┌─ Records

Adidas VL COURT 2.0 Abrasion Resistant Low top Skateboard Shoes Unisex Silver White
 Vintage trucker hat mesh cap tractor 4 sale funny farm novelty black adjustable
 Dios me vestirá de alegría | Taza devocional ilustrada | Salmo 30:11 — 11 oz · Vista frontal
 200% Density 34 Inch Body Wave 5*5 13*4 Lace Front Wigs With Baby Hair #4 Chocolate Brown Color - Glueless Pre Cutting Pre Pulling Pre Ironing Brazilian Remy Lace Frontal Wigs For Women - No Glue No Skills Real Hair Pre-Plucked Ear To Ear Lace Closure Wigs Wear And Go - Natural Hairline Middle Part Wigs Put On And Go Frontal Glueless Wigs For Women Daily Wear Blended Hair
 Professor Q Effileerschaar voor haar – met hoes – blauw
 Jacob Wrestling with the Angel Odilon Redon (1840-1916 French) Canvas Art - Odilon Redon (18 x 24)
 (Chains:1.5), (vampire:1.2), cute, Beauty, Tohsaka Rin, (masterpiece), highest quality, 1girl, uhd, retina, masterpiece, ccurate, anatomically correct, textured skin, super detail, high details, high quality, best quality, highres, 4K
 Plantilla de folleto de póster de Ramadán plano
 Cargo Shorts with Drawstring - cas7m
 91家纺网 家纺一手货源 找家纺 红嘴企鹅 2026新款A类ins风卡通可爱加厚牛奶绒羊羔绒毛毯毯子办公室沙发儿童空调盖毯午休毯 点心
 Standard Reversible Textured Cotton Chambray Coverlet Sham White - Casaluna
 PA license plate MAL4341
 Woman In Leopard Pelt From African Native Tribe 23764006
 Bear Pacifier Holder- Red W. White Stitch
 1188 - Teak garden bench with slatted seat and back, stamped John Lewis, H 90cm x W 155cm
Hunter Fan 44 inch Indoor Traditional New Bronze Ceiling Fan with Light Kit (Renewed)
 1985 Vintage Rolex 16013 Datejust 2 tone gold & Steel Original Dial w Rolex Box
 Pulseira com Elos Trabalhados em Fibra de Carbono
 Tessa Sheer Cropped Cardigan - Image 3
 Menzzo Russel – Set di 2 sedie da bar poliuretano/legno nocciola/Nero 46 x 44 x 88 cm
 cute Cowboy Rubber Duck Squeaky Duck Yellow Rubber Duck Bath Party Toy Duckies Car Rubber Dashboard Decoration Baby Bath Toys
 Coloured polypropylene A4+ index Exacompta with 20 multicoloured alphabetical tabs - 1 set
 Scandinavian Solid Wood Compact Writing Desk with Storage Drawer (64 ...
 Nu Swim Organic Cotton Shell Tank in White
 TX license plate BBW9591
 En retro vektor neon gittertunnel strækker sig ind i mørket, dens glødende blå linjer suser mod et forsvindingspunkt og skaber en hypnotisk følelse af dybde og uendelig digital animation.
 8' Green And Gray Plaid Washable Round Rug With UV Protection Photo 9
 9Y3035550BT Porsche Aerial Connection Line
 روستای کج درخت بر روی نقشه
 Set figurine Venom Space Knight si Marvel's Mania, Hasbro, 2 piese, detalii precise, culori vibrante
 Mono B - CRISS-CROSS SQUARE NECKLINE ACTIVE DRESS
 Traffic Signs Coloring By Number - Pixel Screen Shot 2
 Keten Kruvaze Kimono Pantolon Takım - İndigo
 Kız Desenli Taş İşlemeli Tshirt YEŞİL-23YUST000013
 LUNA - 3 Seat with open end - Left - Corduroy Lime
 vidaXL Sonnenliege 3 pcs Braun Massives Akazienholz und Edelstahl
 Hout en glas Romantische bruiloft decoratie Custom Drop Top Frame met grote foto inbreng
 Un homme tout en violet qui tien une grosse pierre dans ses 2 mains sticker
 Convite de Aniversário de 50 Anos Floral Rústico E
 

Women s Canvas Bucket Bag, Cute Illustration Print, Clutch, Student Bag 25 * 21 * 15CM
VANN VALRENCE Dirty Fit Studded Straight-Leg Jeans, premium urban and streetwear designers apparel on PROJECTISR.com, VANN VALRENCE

└─

In the entries above, identify each line that includes the string "Canvas", then copy it.

Solved problem.
 Jacob Wrestling with the Angel Odilon Redon (1840-1916 French) Canvas Art - Odilon Redon (18 x 24)
Women s Canvas Bucket Bag, Cute Illustration Print, Clutch, Student Bag 25 * 21 * 15CM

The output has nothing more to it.